Scraped caption text data

★ ★ ★ ★

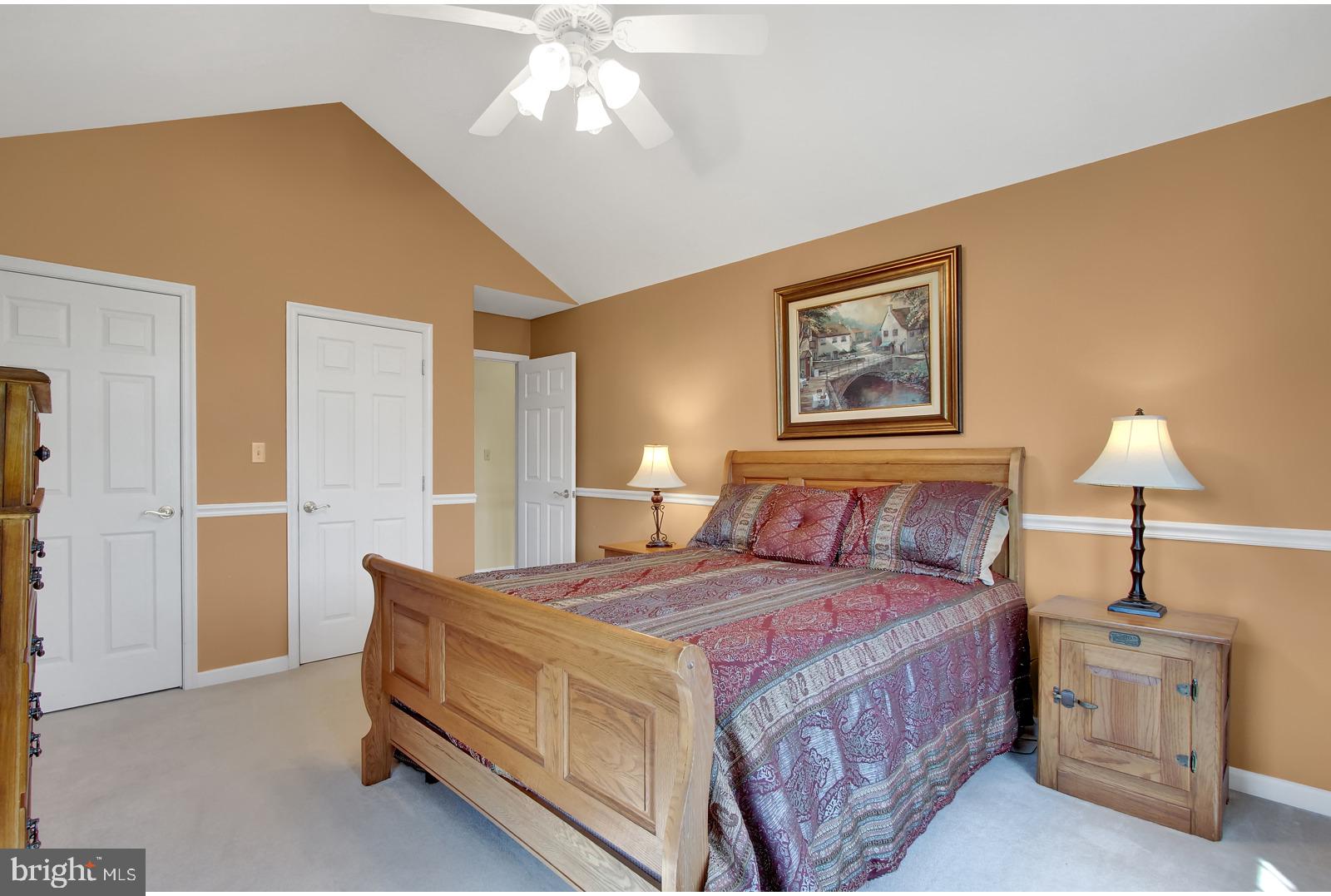 3663 Eagle Ridge Court Hanover, PA 17331 - Photo 52 of 71 Gallery Image 52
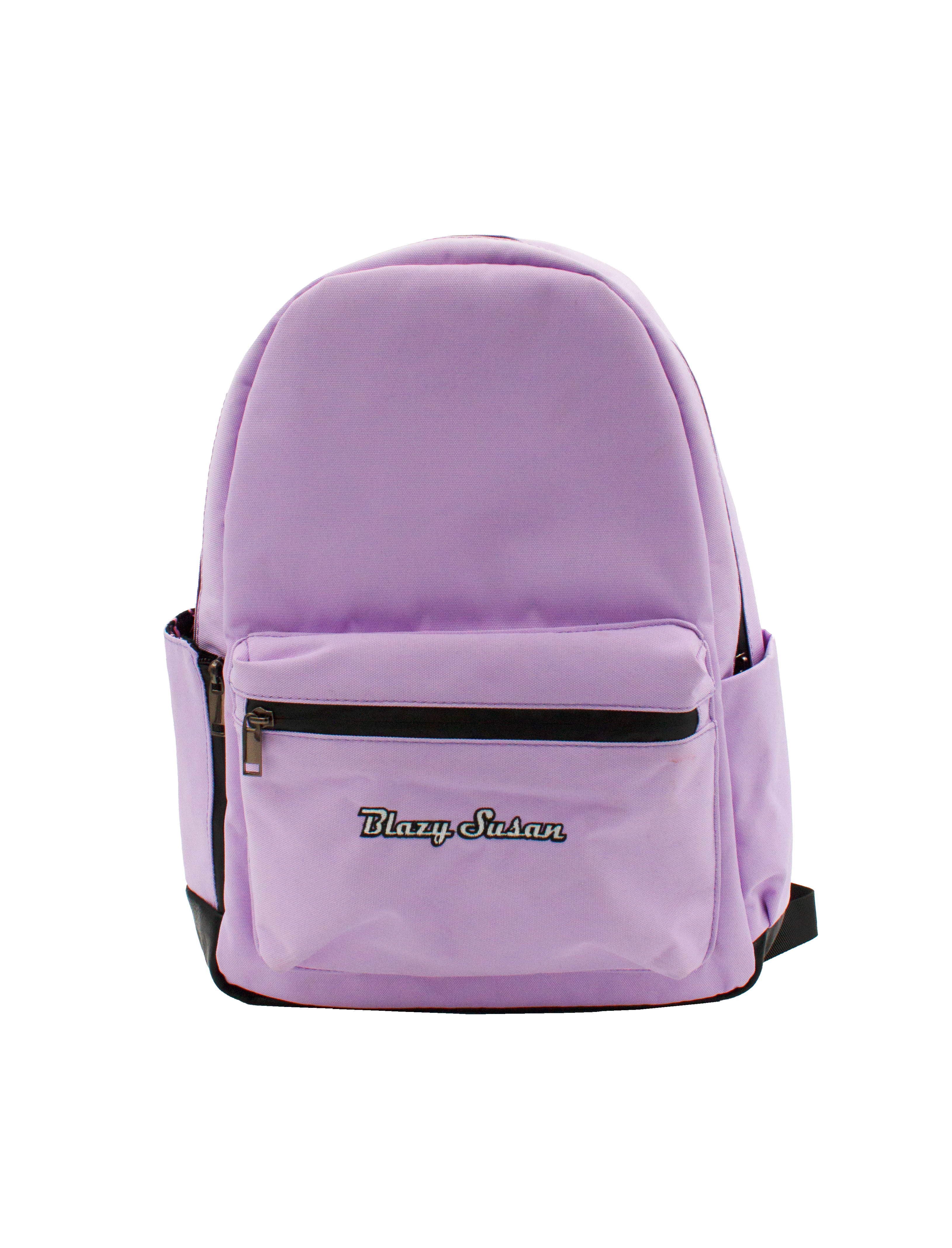 Mochila Morada Blazy Susan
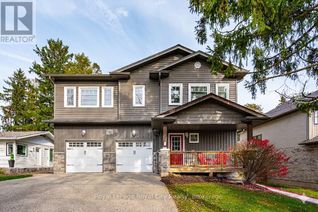 Property for Sale, 145 Kertland Street, Centre Wellington (Elora/Salem), ON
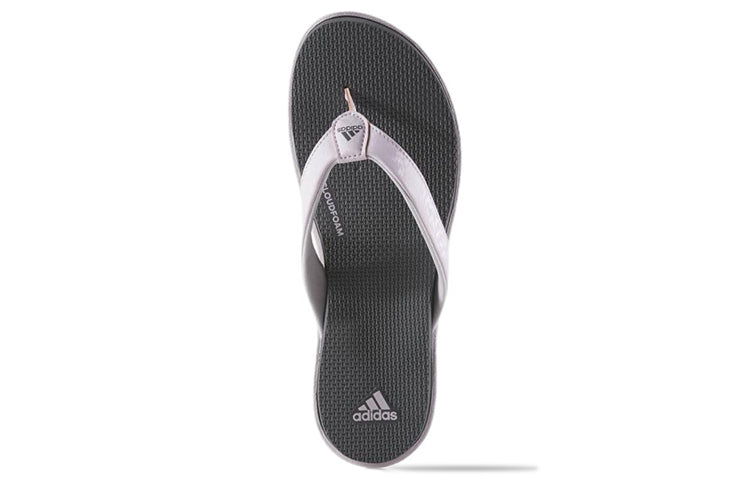 (WMNS) adidas Cloudfoam B41747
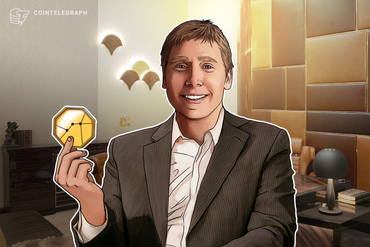 predictul de preferință bitcoin august 2021 cum să puneți bani în portofelul dvs bitcoin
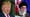 Trump Pushes Narrative That Iran Is Trying To Kill Him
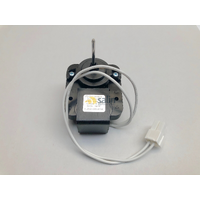 Kelvinator Genuine Kelvinator Top Mount Fridge Fan Motor KTM3900WB*07 KTM3900WB*08 spare part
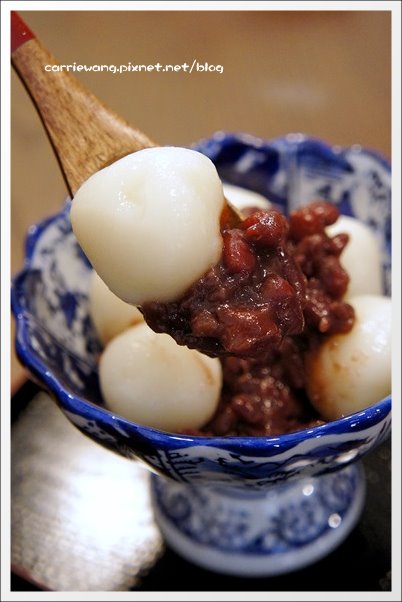 茶寮侘助:日式老宅改建餐廳,品嚐日本媽媽的好手藝 @飛天璇的口袋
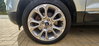 Ford EcoSport 1.0T EcoBoost Titanium Euro 6 (s/s) 5dr 5dr Manual 2026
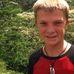 Zach Stringham - Facebook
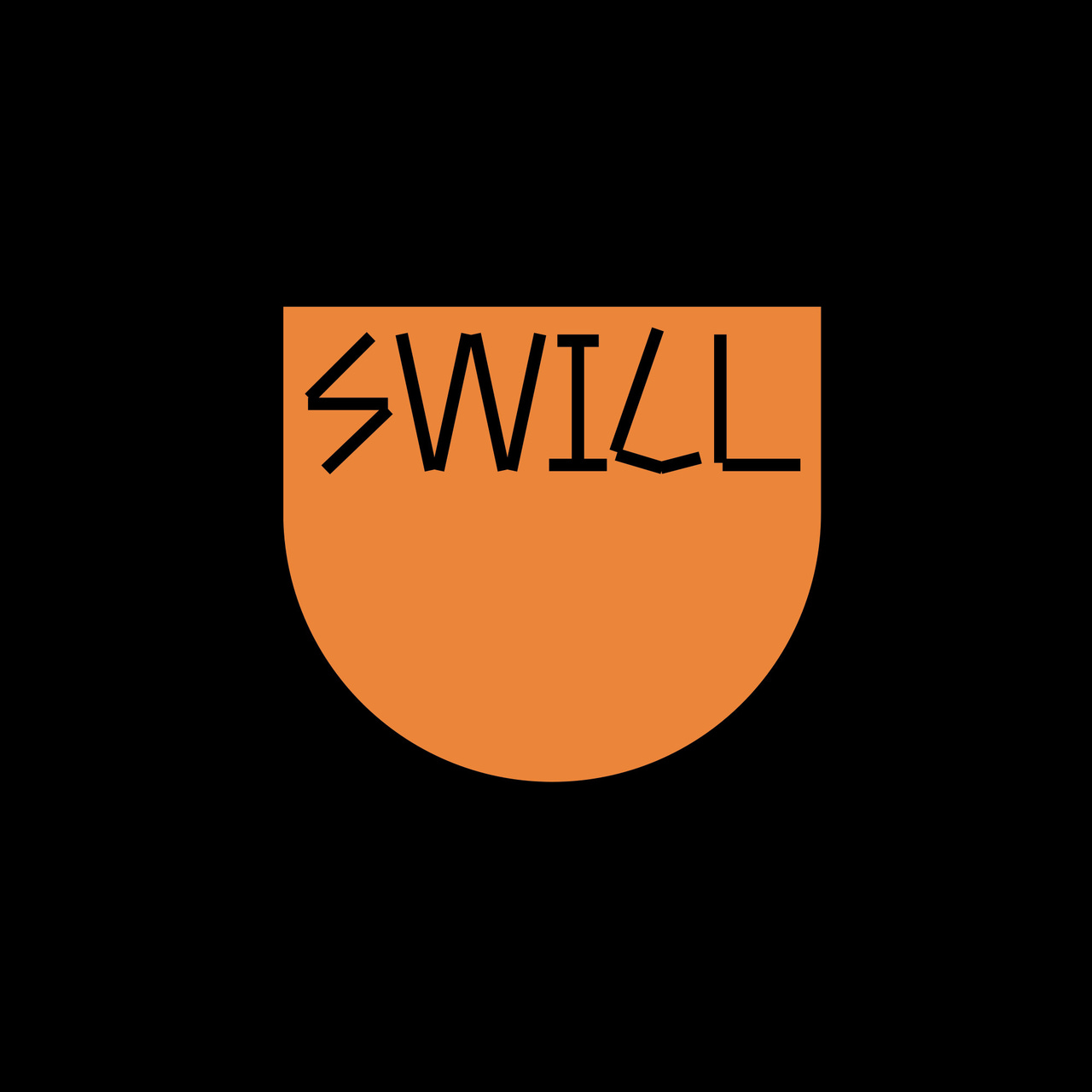 Artwork for Swill Wineletter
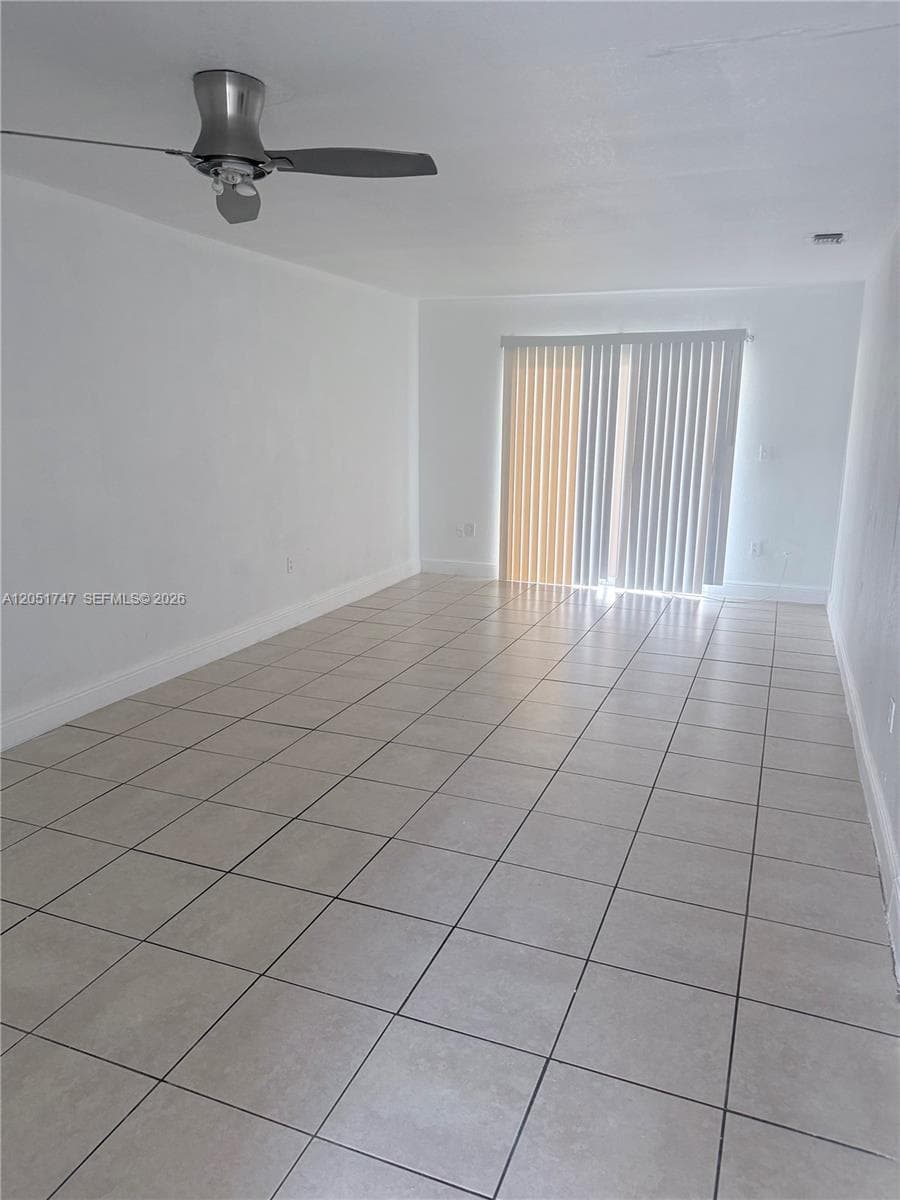 1990 NW 183rd St # 5, Miami Gardens, FL 33056 photo 2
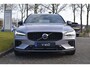 Volvo V60 T6 350PK Plug-in hybrid AWD Plus Dark Panodak | H&K | ACC | Blis | Contour Stoelen | Stuurverwarming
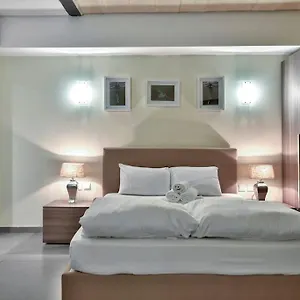 vallettastay-orangerie-two-bedroom-apartment-201.hotelssaintjulians.com/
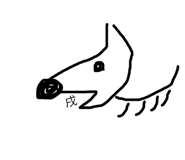 151770184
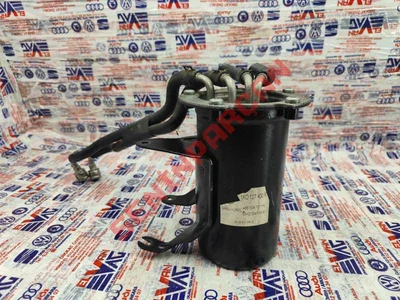 1K0127400K - YAKIT FILTRESI KOMPLE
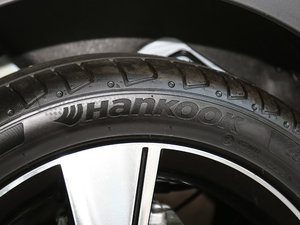 2018TSI280 DSGA ݆̥Ʒ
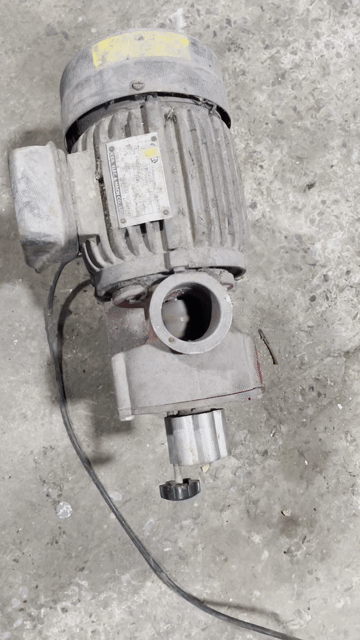 Máy xay tiêu Đỏ Đen. Mua bán Bếp, lò, đồ điện nhà bếp tại Huyện Bình Chánh Tp Hồ Chí Minh được đăng bởi Đàm trung  hình 1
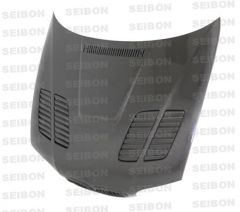 seibon-carbon-motorhaube-fuer-bmw-3er-e46-m3-coupe-und-cabrio-2001-2006-gtr-style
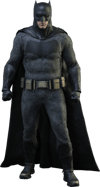 Batman Collector Edition (Prototype Shown) View 21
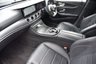 USED 2020 69 MERCEDES-BENZ E-CLASS 2.0 E 220 D AMG LINE EDITION PREMIUM 5d 192 BHP Automatic | ULEZ | 1 Owner | Reversing Camera | Full Service History | 2 Keys |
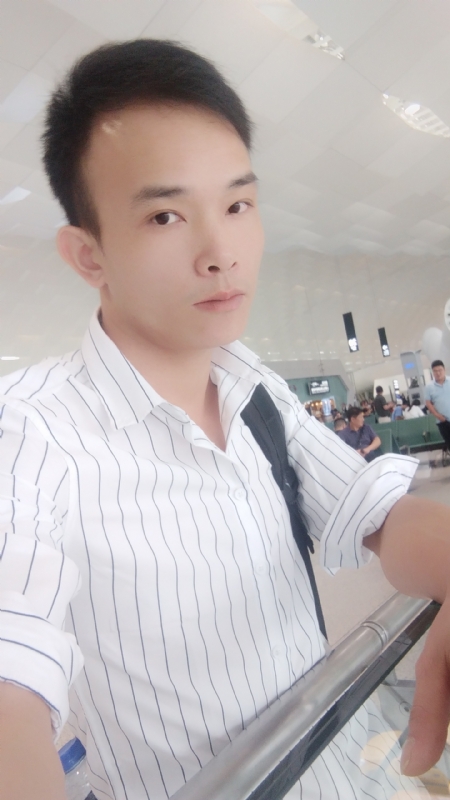 路人的第一张照片--邯郸相亲服务中心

★ ★ ★ ★

- **HOW TO COMPLETE THIS TASK**: In your copy, repeat each record exactly and include no pictures.

- **SOLUTION TO THE EXERCISE**:
 3663 Eagle Ridge Court Hanover, PA 17331 - Photo 52 of 71 Gallery Image 52
 Mochila Morada Blazy Susan
 Property for Sale, 145 Kertland Street, Centre Wellington (Elora/Salem), ON
 (WMNS) adidas Cloudfoam B41747
 predictul de preferință bitcoin august 2021 cum să puneți bani în portofelul dvs bitcoin
 Trump Pushes Narrative That Iran Is Trying To Kill Him
 Kelvinator Genuine Kelvinator Top Mount Fridge Fan Motor KTM3900WB*07 KTM3900WB*08 spare part
 茶寮侘助:日式老宅改建餐廳,品嚐日本媽媽的好手藝 @飛天璇的口袋
 Ford EcoSport 1.0T EcoBoost Titanium Euro 6 (s/s) 5dr 5dr Manual 2026
 Zach Stringham - Facebook
 Artwork for Swill Wineletter
 1990 NW 183rd St # 5, Miami Gardens, FL 33056 photo 2
 Volvo V60 T6 350PK Plug-in hybrid AWD Plus Dark Panodak | H&K | ACC | Blis | Contour Stoelen | Stuurverwarming
 vallettastay-orangerie-two-bedroom-apartment-201.hotelssaintjulians.com/
 151770184
 1K0127400K - YAKIT FILTRESI KOMPLE
 2018TSI280 DSGA ݆̥Ʒ
 Máy xay tiêu Đỏ Đen. Mua bán Bếp, lò, đồ điện nhà bếp tại Huyện Bình Chánh Tp Hồ Chí Minh được đăng bởi Đàm trung  hình 1
 seibon-carbon-motorhaube-fuer-bmw-3er-e46-m3-coupe-und-cabrio-2001-2006-gtr-style
 Batman Collector Edition (Prototype Shown) View 21
 USED 2020 69 MERCEDES-BENZ E-CLASS 2.0 E 220 D AMG LINE EDITION PREMIUM 5d 192 BHP Automatic | ULEZ | 1 Owner | Reversing Camera | Full Service History | 2 Keys |
 路人的第一张照片--邯郸相亲服务中心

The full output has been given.